Investigation of Corporate Phishing Incidents Costs $4.86 Million Per Year

New figures from email security company Agari show organizations are now spending $4.86 million a year triaging, investigating, and responding to phishing incidents.

The Agari Q1 2019 Email Fraud & Identity Deception Trends report shows that on average, organizations are now having to investigate around 23,000 phishing incidents a year. Approximately half of the emails reported to security teams by employees are false positives, but they still take a toll. Those emails must be checked by incident response teams and the volume of emails can delay responses to genuine threats. Agari notes that it now takes approximately 6 hours to respond to each phishing incident, which costs an average of $253 per incident.

The most common tactic used in email attacks in the final quarter of 2018 was impersonation, which was used in 50% of email attacks. Microsoft is impersonated in 70% of those attacks, with other commonly impersonated brands including Netflix, FedEx, Amazon, and the Internal Revenue Service (IRS).

The reason that Microsoft tops the list is because cybercriminals are seeking credentials for Office 365 accounts, which can be used in account takeover attacks on other individuals in the organization and business contacts. Account takeover threats account for 20% of all inbound email attacks on employees. One third of advanced email attacks target C-level employees and use display names of trusted individuals.

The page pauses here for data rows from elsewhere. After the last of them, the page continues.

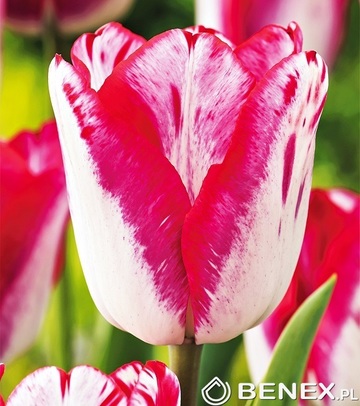 Tulipa - Tulipan Just Kissed 11/12 1 Szt.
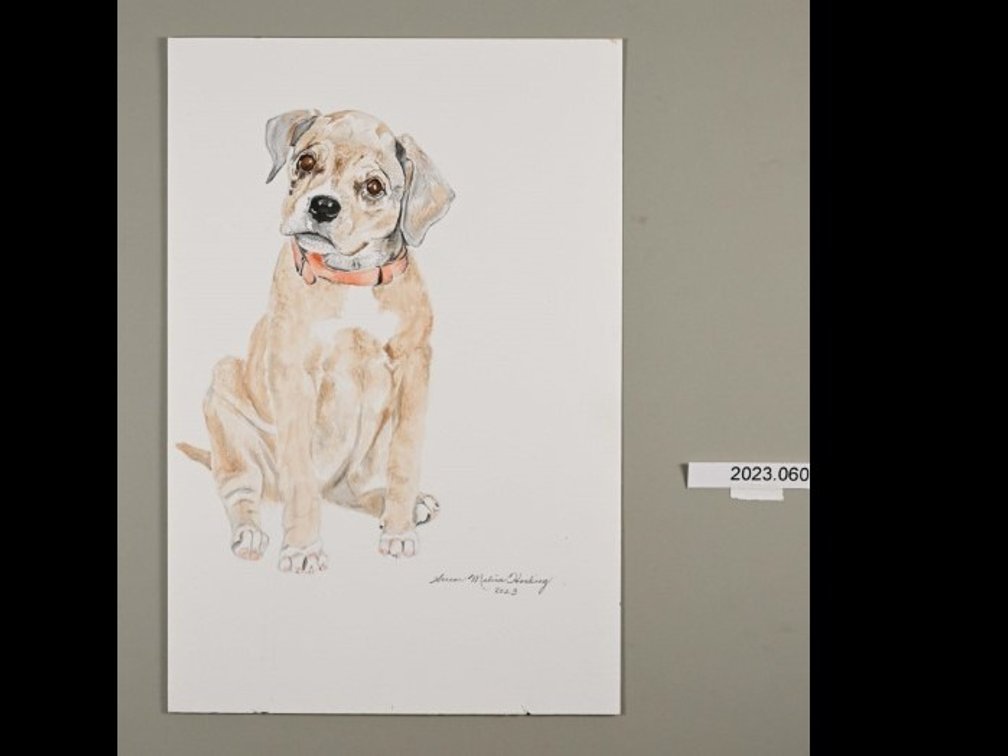 Dog With Orange Collar on 140lb watercolour paper
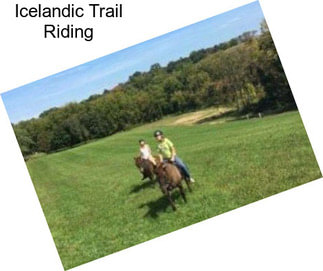 Icelandic Trail Riding
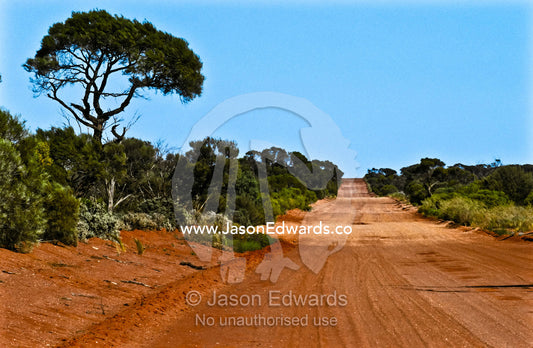 A red sandy track leading through mallee country in the Gawler Ranges. Gawler Ranges National Park, South Australia, Australia.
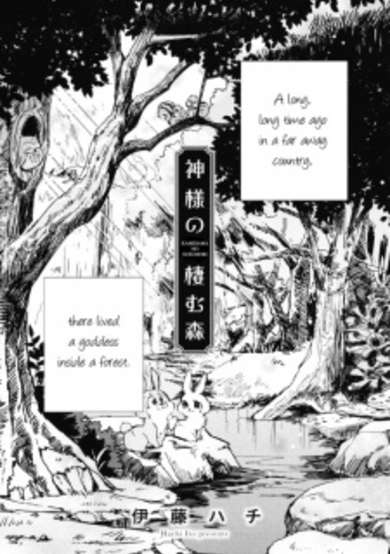 Copertina di Kamisama no Sumu Mori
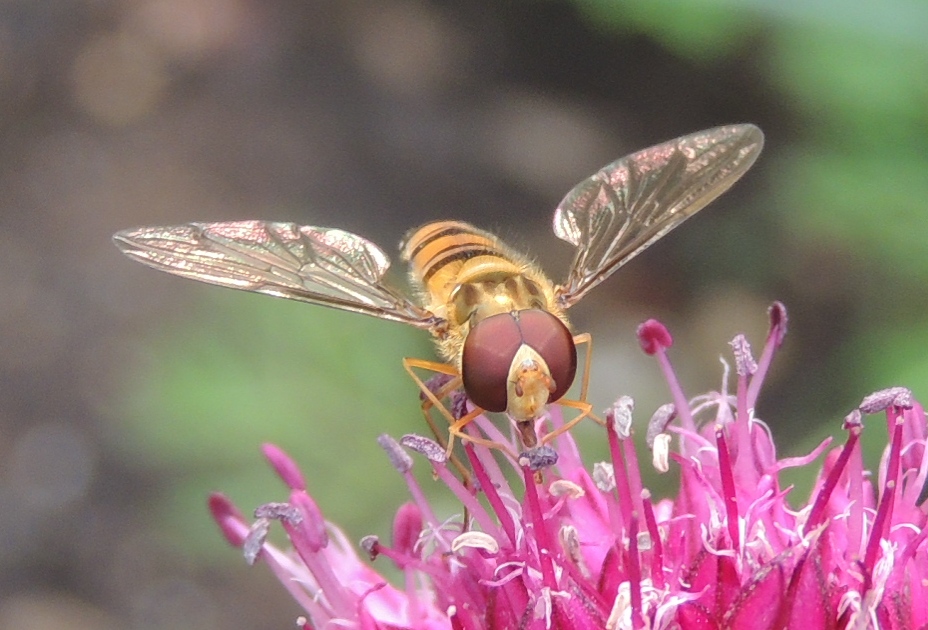 Hainschwebfliege (2)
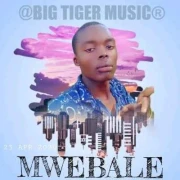 Mwebale - Big Tiger Ug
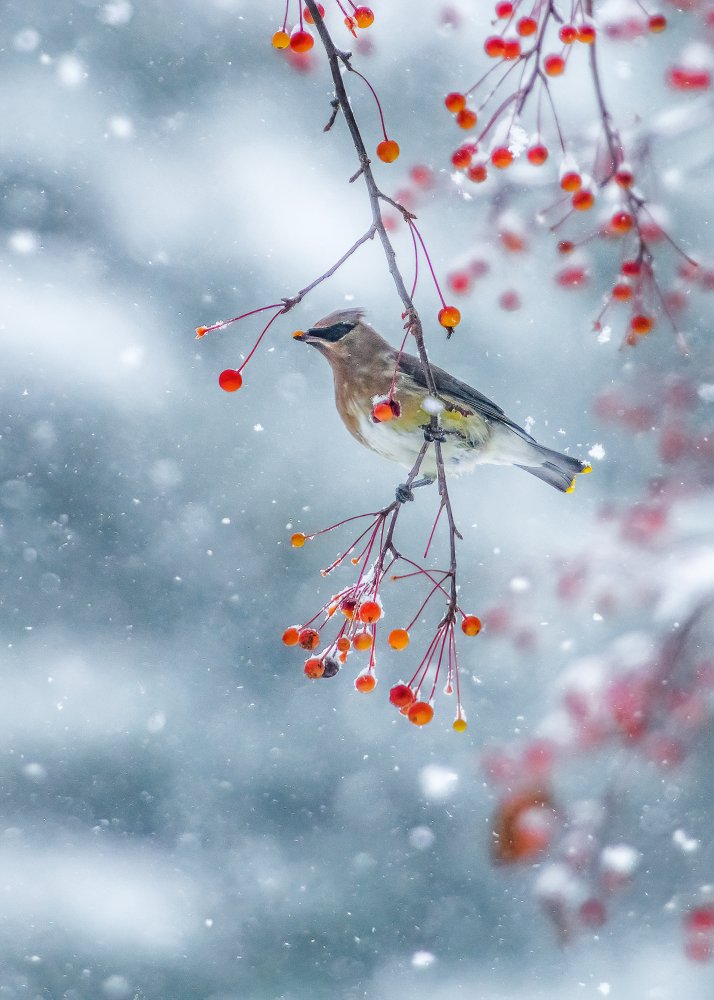 Song Of Winter from Hong Chen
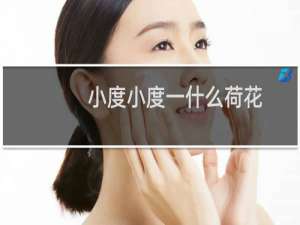 小度小度一什么荷花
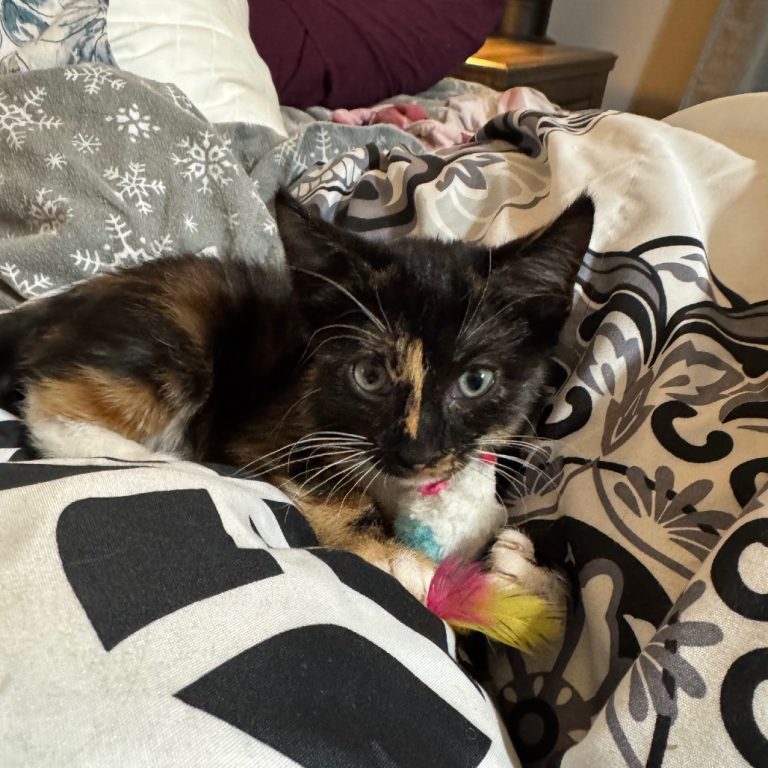 d36b13bc8dd452b3b22902ee14aa2852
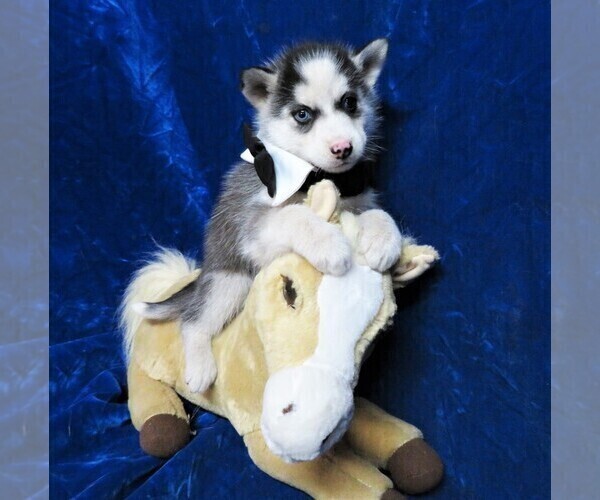 Medium Photo #9 Siberian Husky Puppy For Sale in GROVESPRING, MO, USA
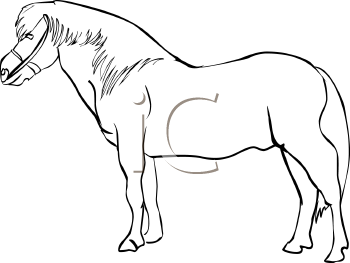 Horse Clipart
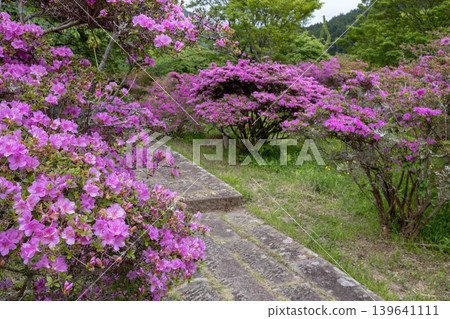 雲仙池之原公園的石徑旁，宮山霧島杜鵑花正值盛開。 139641111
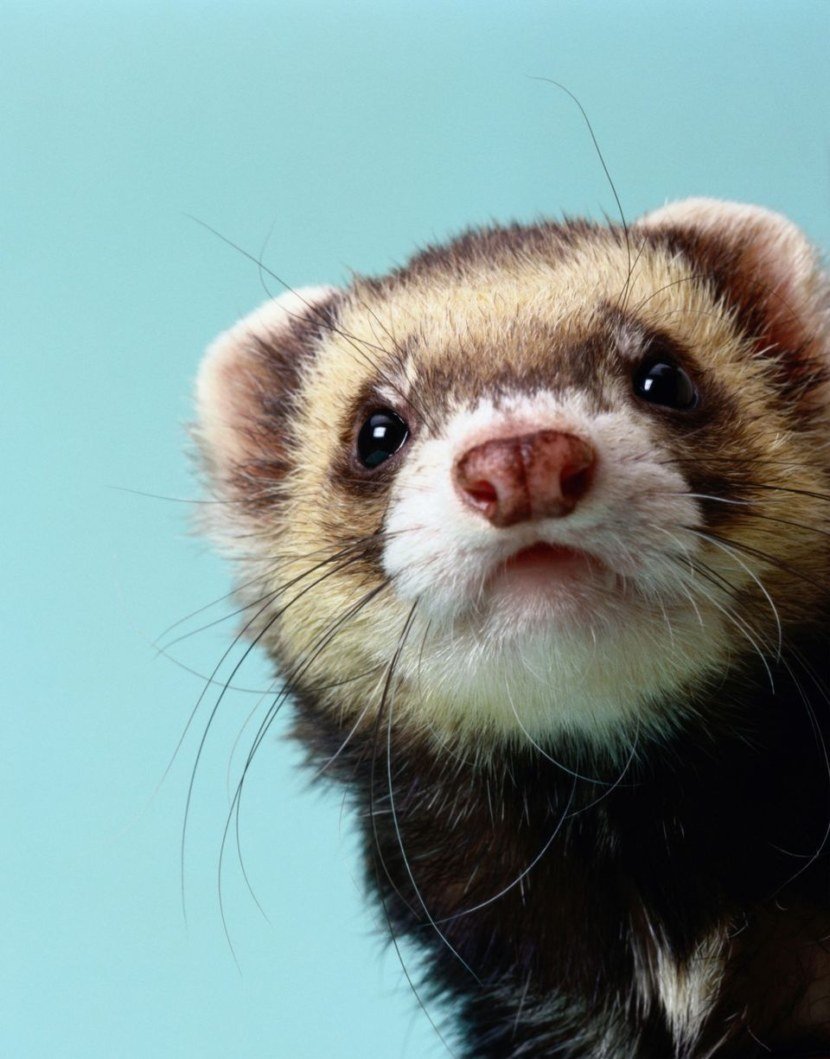 Хорек фретка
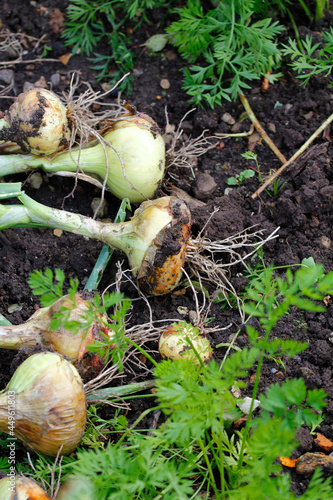 Onion cultivation in mixed culture with carrots 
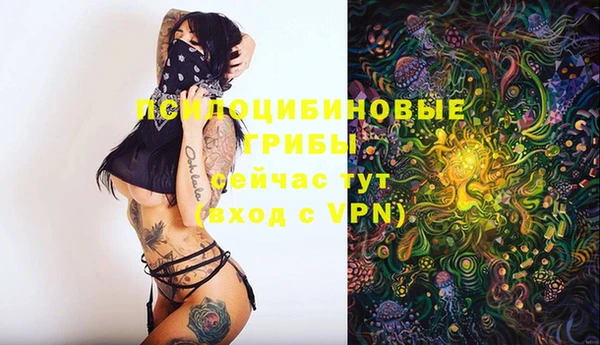 кокаин Тавда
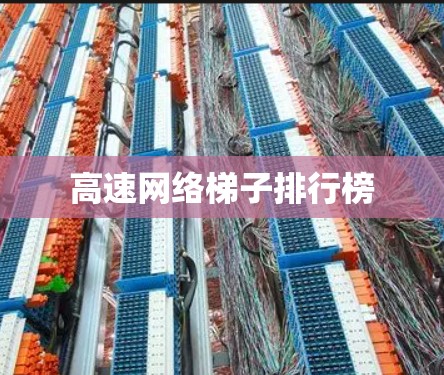 高速网络梯子排行榜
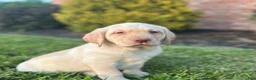 Labrador Retriever dogs for sale: Duke - Ad 2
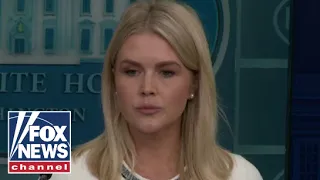 Leavitt: Democrats never did a &#39;dang thing&#39; about the Epstein case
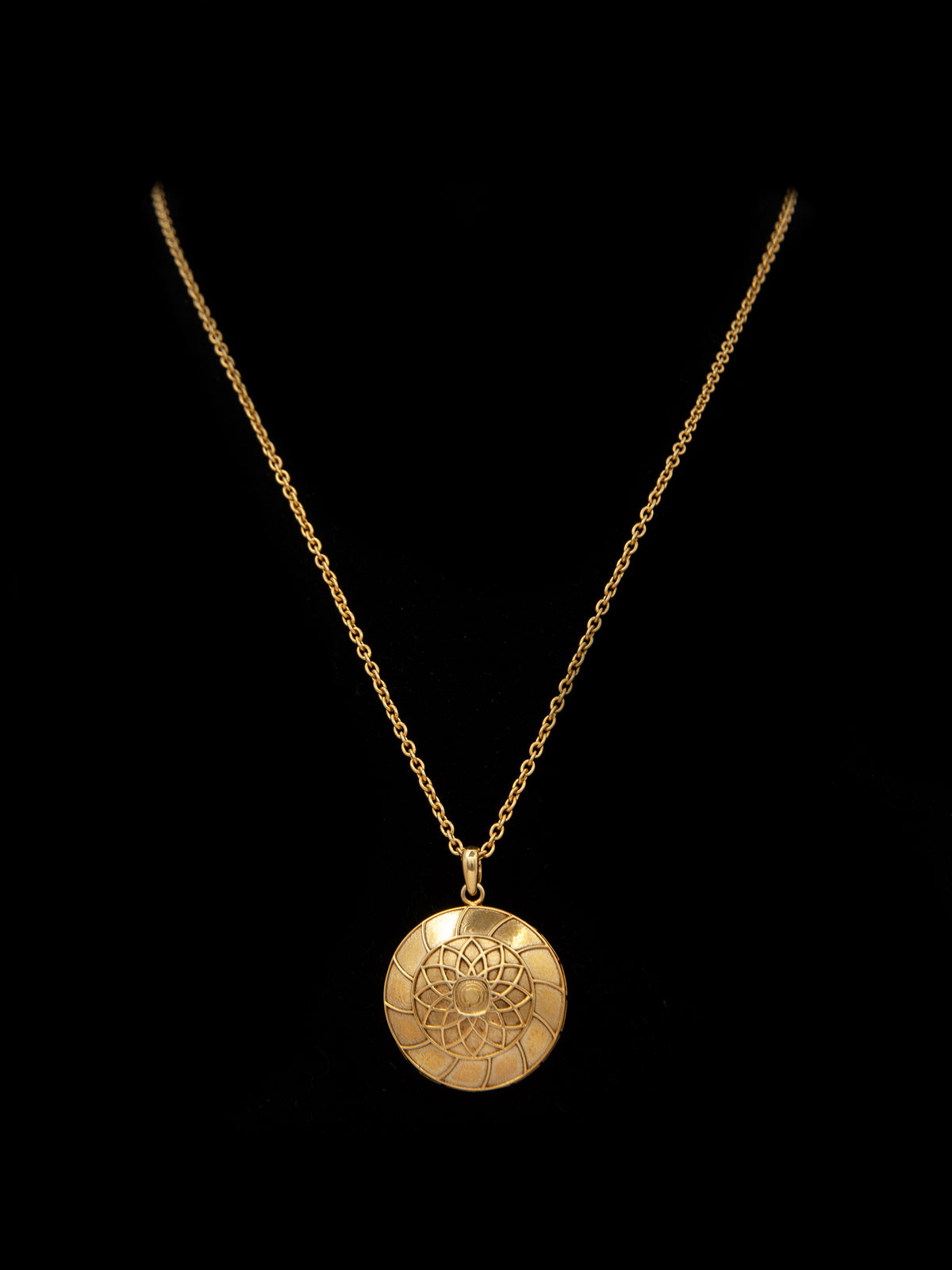 Golden Glow: 925 Silver Modern Everyday Wear Gold Plated Necklace view 1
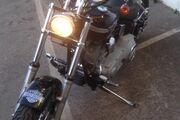 Picture 2 - 2003 Harley-Davidson Softail standard (very good condition) 100th anniversary motorbike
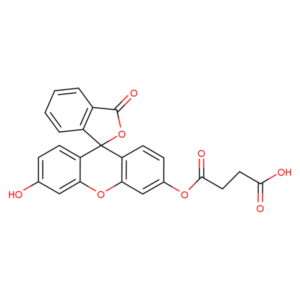 RAM3997... Fluorescein mono succinate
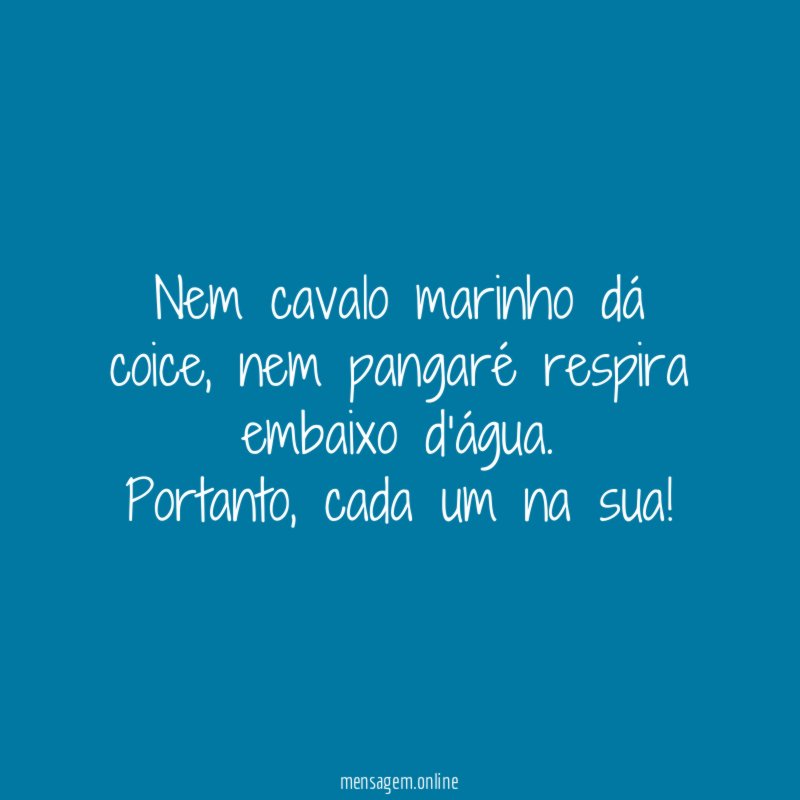 Nem cavalo marinho dá coice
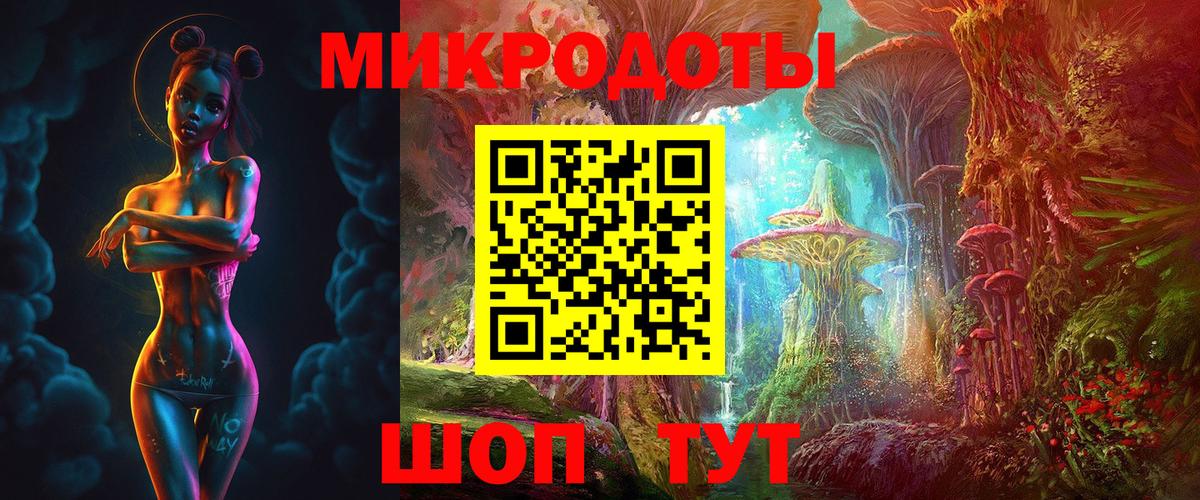 Галлюциногенные грибы Psilocybe Вязники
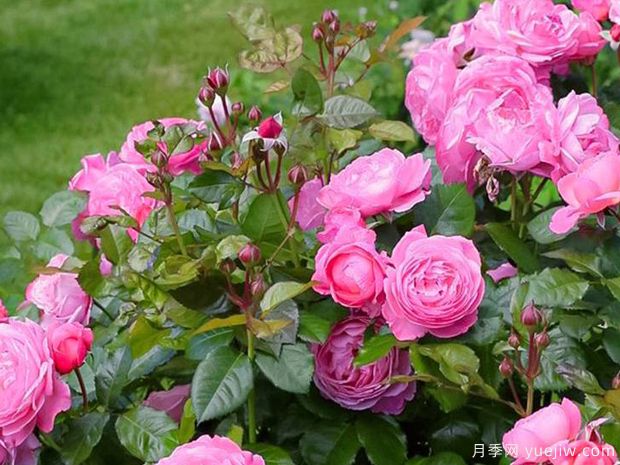 科隆百花园月季/科隆香水月季(图3)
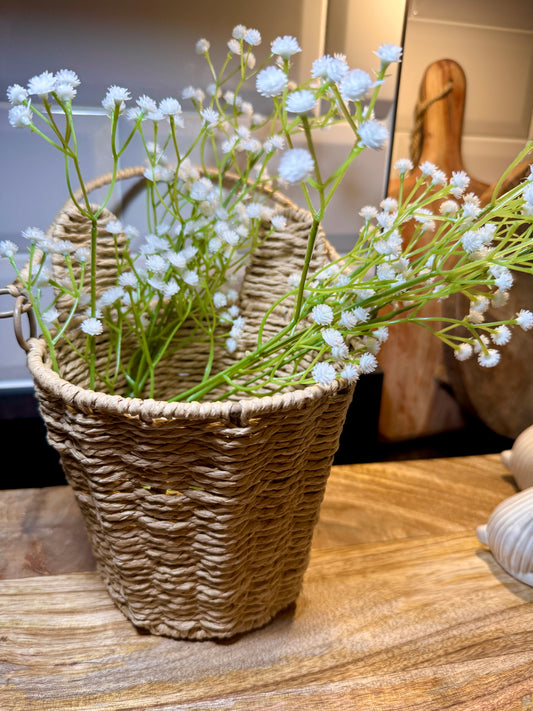 Gypsophilia Spray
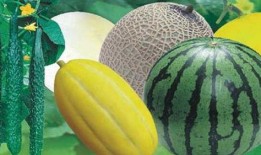 鸡瓜可以放心吃吗视频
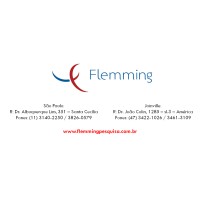 Flemming Pesquisas Logo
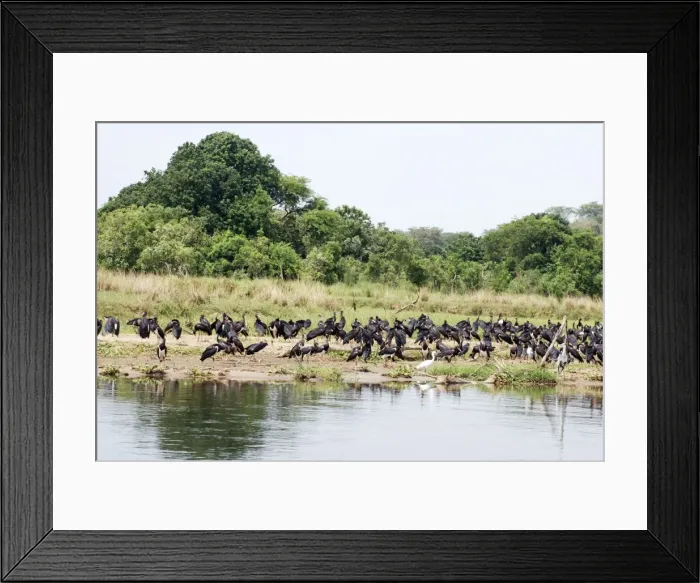 Framed Print : Abdim's Stork - Intra-African migrant - flock resting beside the Nile - Northern Uganda - Africa - February Framed Print : Abdim's Stork - Intra-African migrant - flock resting beside the Nile - Northern Uganda - Africa - February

The problem for businesses is most email security solutions struggle to identify email account takeover attacks because the emails are sent from a genuine, trusted internal email account or the account of a trusted business contact.

These attacks tend to be performed on high profile employees and executives. Their accounts can be used in BEC scams and can be highly lucrative, resulting in fraudulent wire transfers of hundreds of thousands of dollars. These attacks are also commonly used to obtain the W-2 Forms of employees, which are used in tax fraud and identity theft.

Given the increase in email-based attacks and the high cost of data breaches, an advanced email security solution is essential to make sure that the majority of these threats are blocked before any damage is caused.